DATASET EXCERPTS Start Marker

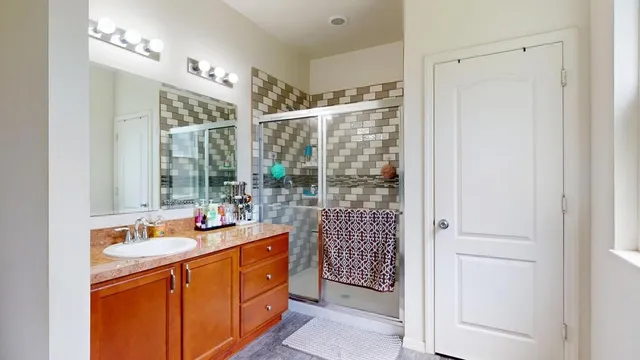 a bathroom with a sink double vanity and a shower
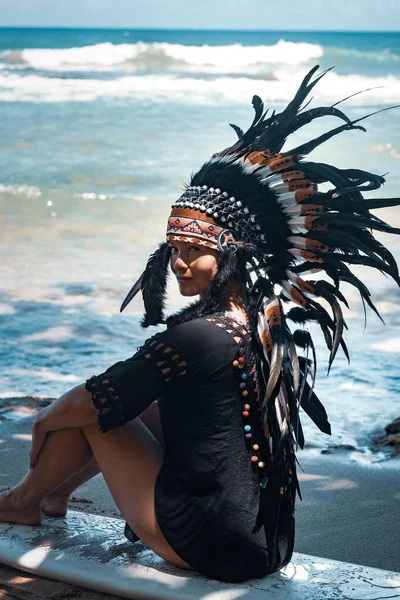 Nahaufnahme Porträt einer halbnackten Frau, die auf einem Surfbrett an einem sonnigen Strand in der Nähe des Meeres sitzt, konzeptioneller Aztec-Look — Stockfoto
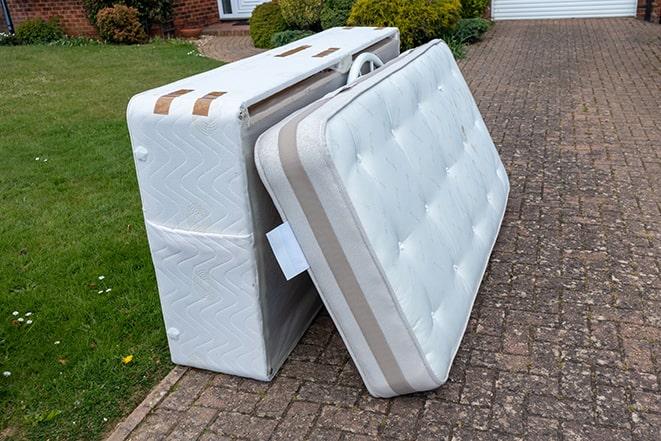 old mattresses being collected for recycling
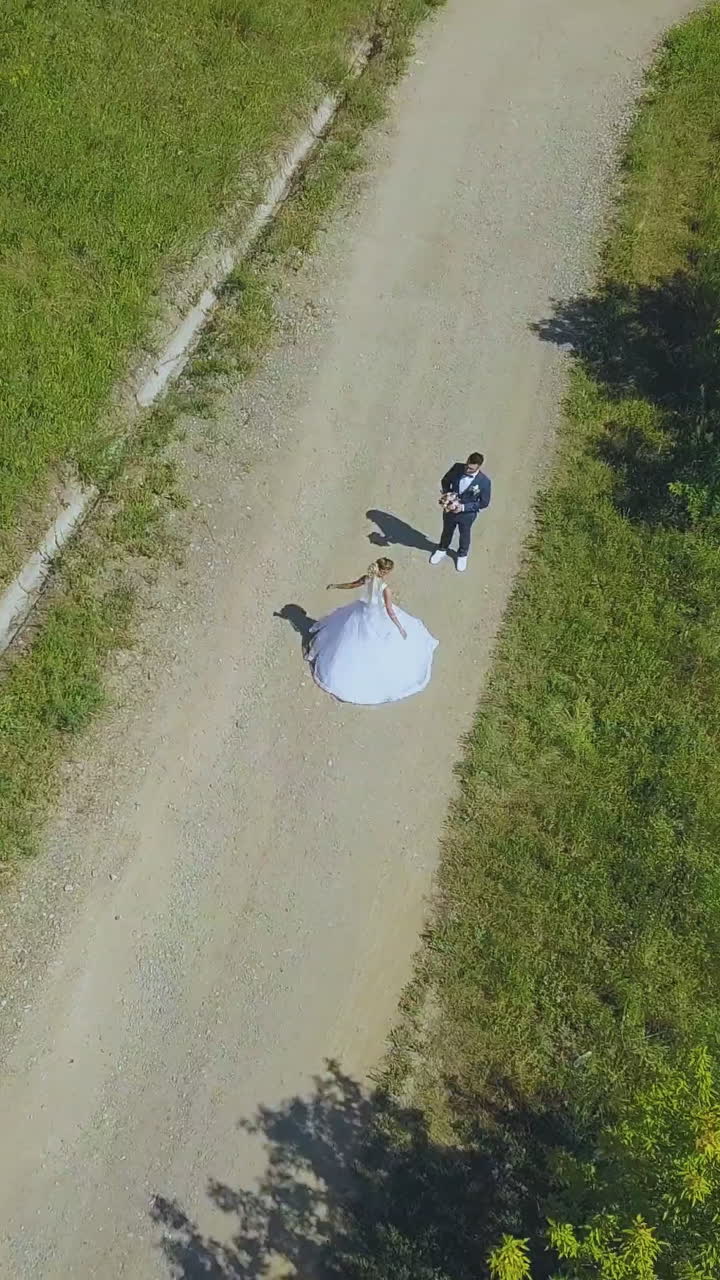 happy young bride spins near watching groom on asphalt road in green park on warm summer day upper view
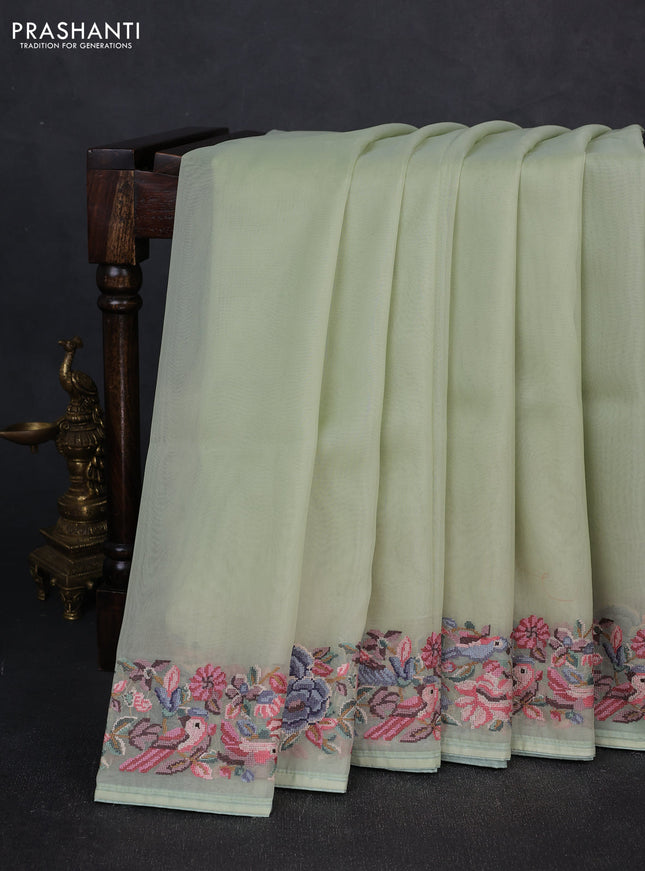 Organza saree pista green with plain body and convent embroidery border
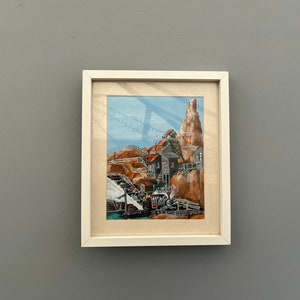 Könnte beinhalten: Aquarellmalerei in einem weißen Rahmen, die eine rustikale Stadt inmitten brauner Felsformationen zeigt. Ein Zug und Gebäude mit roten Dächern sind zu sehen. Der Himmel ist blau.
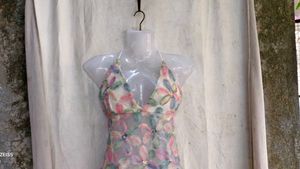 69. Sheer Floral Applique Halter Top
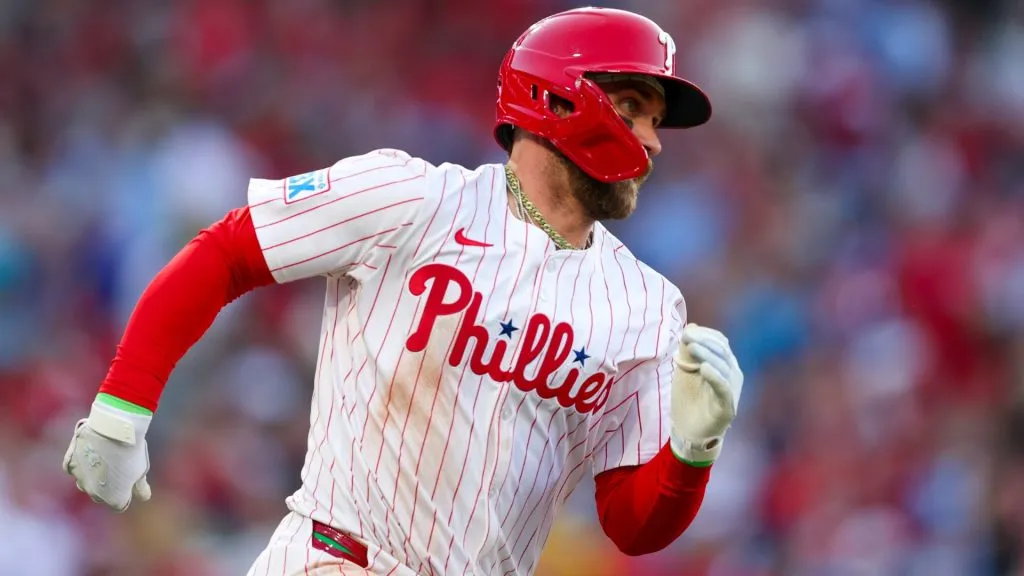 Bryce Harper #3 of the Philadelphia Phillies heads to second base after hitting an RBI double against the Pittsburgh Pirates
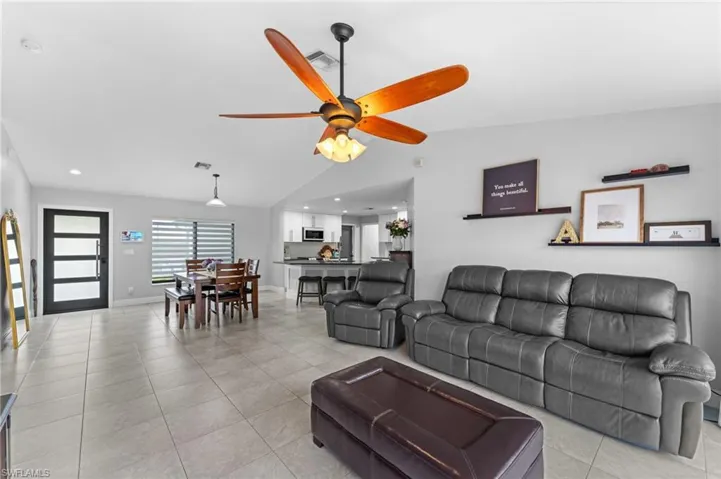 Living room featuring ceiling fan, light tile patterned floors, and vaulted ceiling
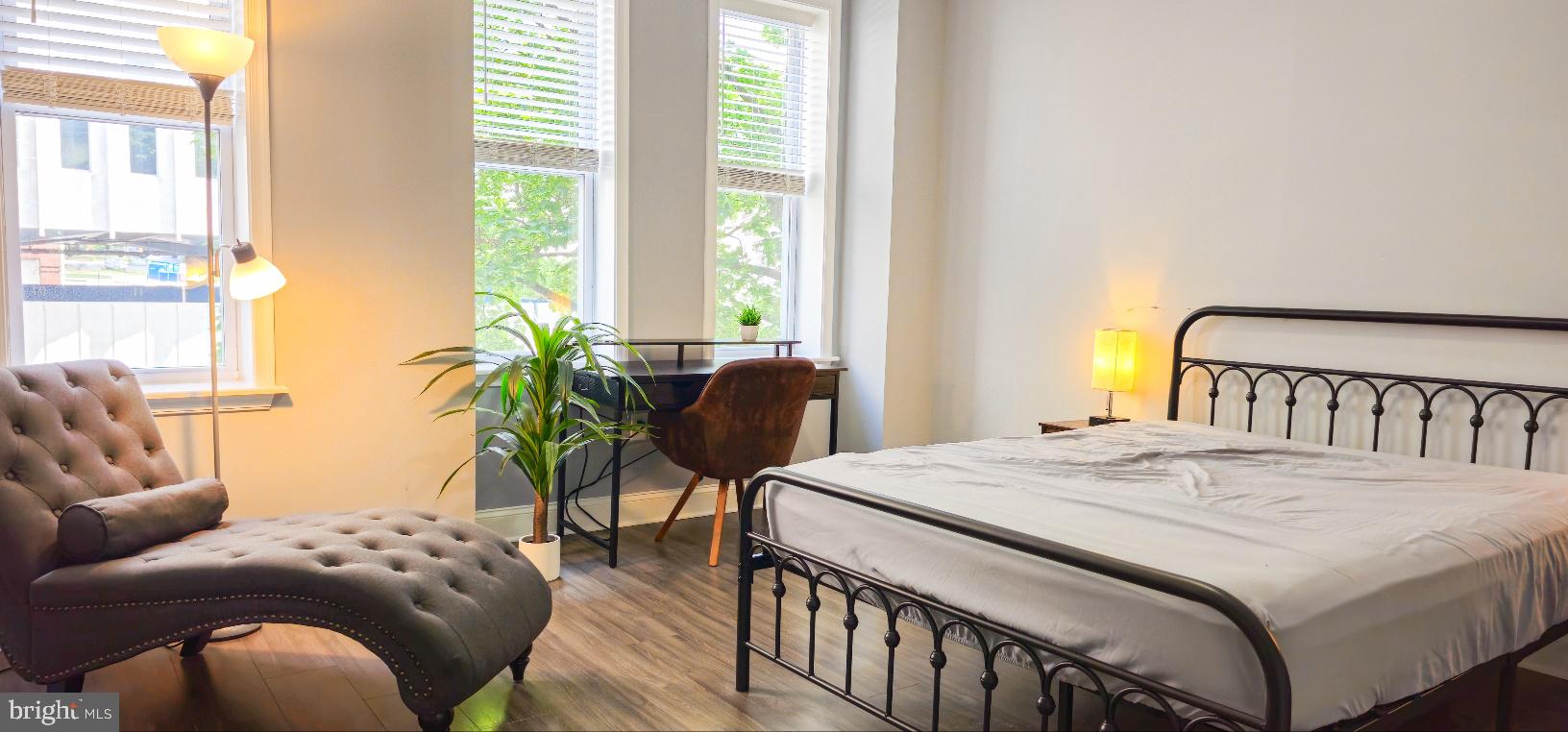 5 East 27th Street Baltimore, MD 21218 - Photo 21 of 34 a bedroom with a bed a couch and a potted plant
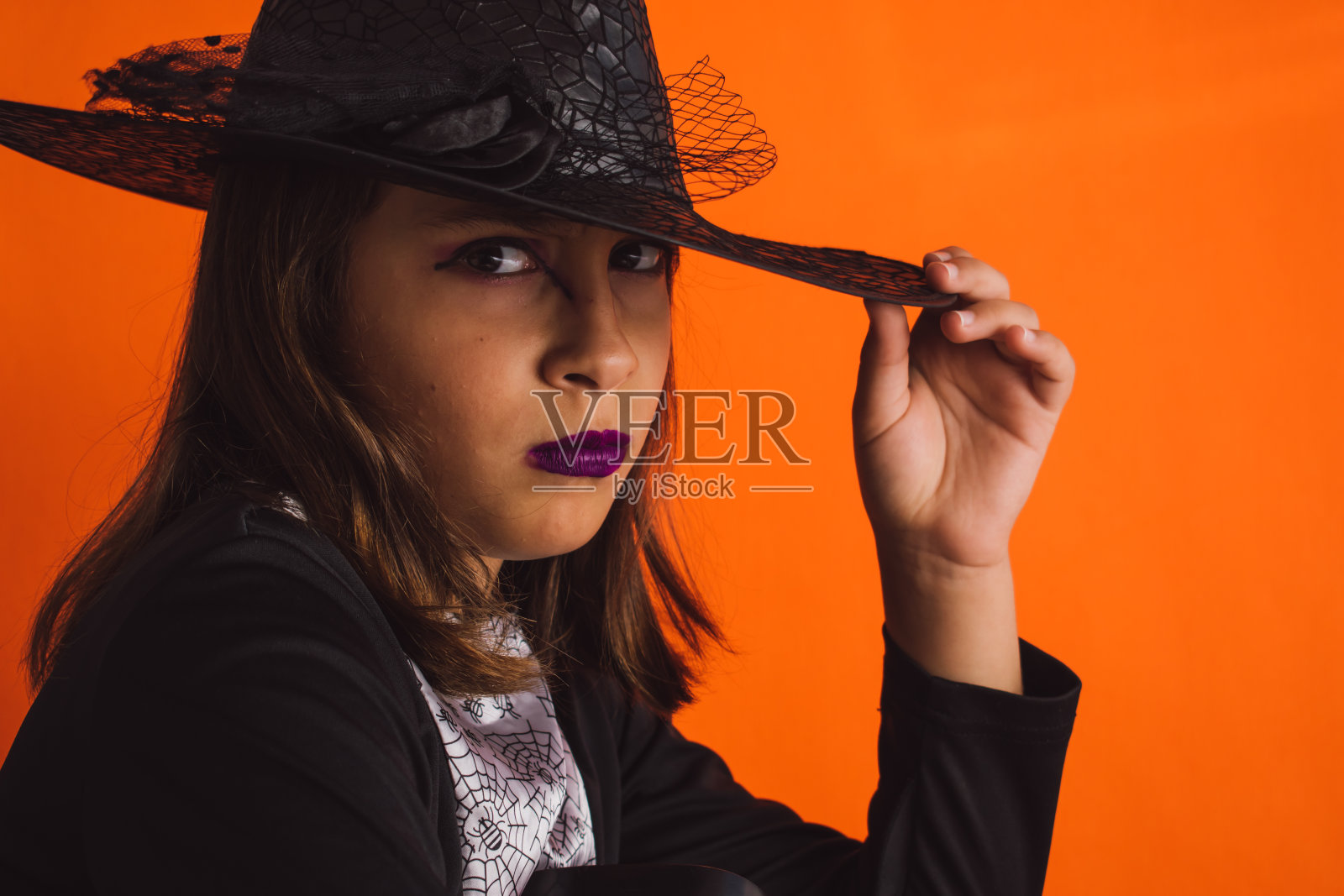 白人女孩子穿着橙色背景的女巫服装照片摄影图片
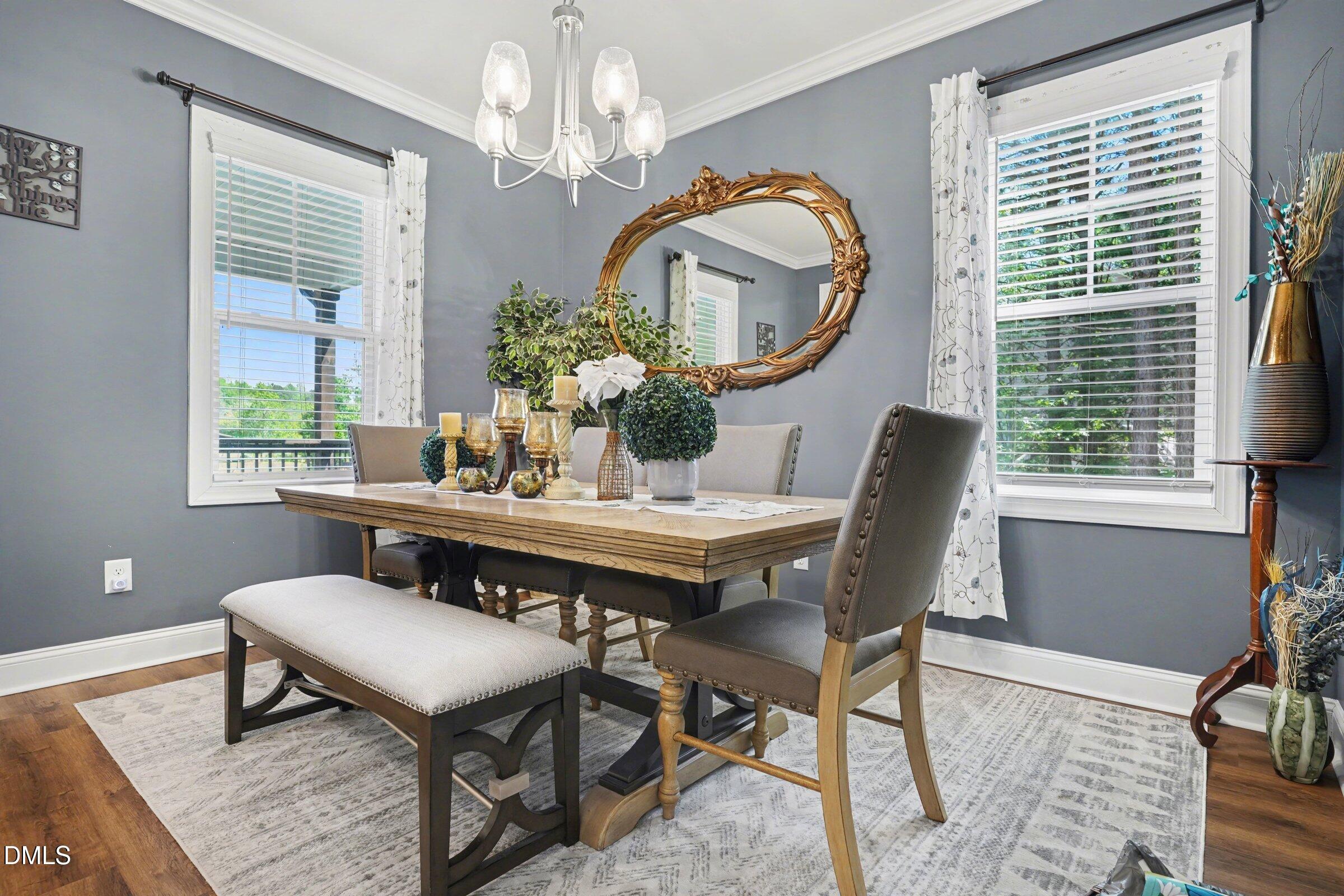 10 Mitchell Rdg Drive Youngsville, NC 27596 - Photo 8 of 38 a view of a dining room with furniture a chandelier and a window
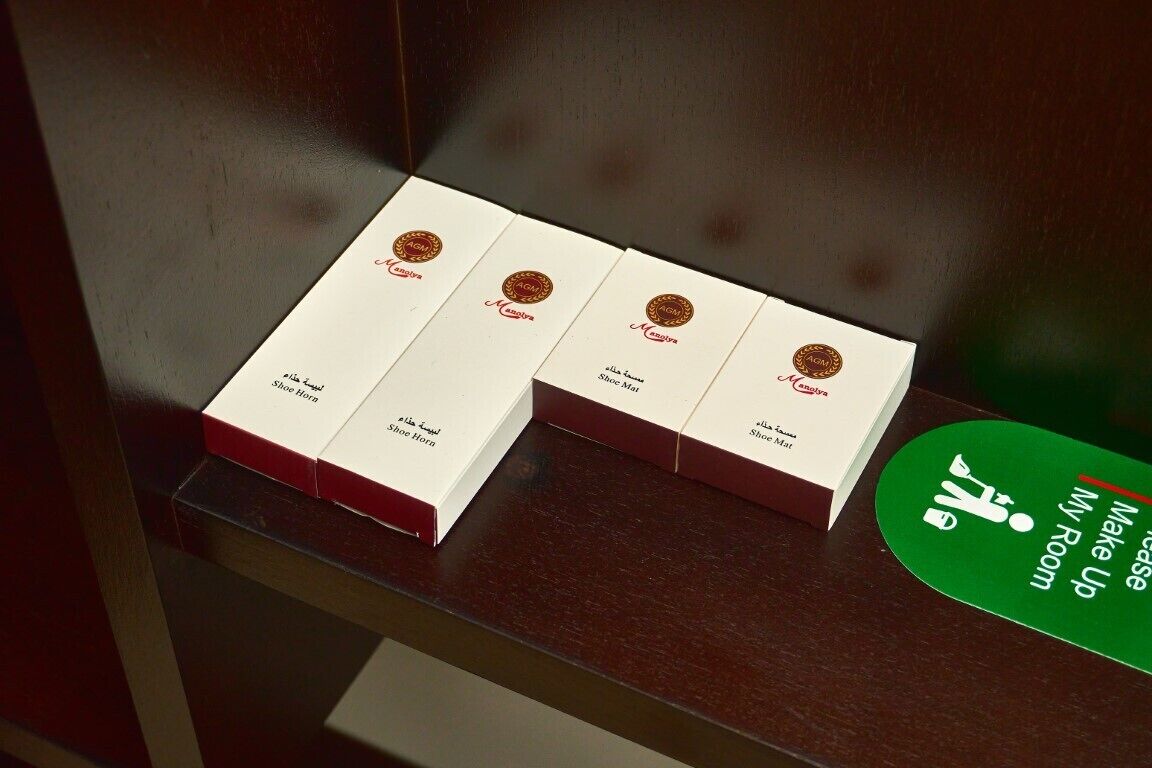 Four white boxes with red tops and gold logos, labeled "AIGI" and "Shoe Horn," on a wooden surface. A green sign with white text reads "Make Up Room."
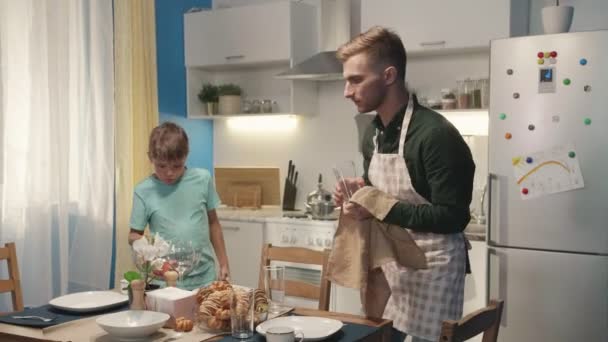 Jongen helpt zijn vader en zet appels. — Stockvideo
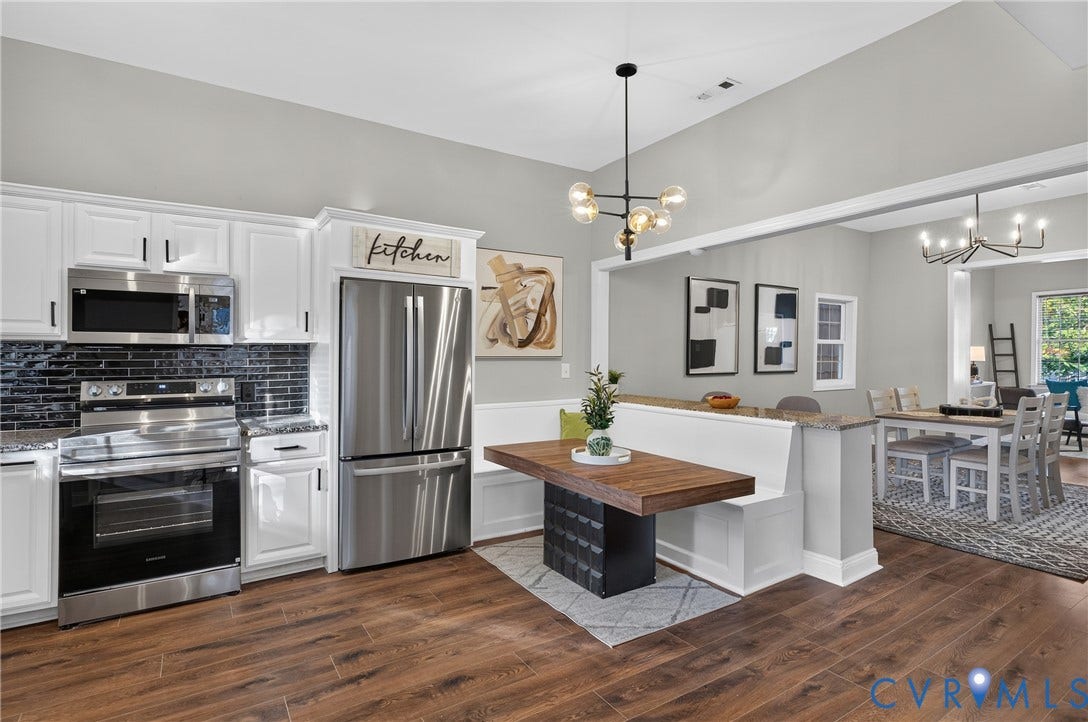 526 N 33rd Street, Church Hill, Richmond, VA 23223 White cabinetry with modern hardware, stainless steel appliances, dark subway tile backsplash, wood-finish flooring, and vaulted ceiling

DATASET EXCERPTS End Marker

The output is the records exactly as they read, with no pictures in it.

--- ANSWER SECTION ---
 a bathroom with a sink double vanity and a shower
 Nahaufnahme Porträt einer halbnackten Frau, die auf einem Surfbrett an einem sonnigen Strand in der Nähe des Meeres sitzt, konzeptioneller Aztec-Look — Stockfoto
 old mattresses being collected for recycling
 happy young bride spins near watching groom on asphalt road in green park on warm summer day upper view
 Organza saree pista green with plain body and convent embroidery border
 Könnte beinhalten: Aquarellmalerei in einem weißen Rahmen, die eine rustikale Stadt inmitten brauner Felsformationen zeigt. Ein Zug und Gebäude mit roten Dächern sind zu sehen. Der Himmel ist blau.
 69. Sheer Floral Applique Halter Top
 Bryce Harper #3 of the Philadelphia Phillies heads to second base after hitting an RBI double against the Pittsburgh Pirates
 Living room featuring ceiling fan, light tile patterned floors, and vaulted ceiling
 5 East 27th Street Baltimore, MD 21218 - Photo 21 of 34 a bedroom with a bed a couch and a potted plant
 白人女孩子穿着橙色背景的女巫服装照片摄影图片
 10 Mitchell Rdg Drive Youngsville, NC 27596 - Photo 8 of 38 a view of a dining room with furniture a chandelier and a window
 Four white boxes with red tops and gold logos, labeled "AIGI" and "Shoe Horn," on a wooden surface. A green sign with white text reads "Make Up Room."
 Jongen helpt zijn vader en zet appels. — Stockvideo
 526 N 33rd Street, Church Hill, Richmond, VA 23223 White cabinetry with modern hardware, stainless steel appliances, dark subway tile backsplash, wood-finish flooring, and vaulted ceiling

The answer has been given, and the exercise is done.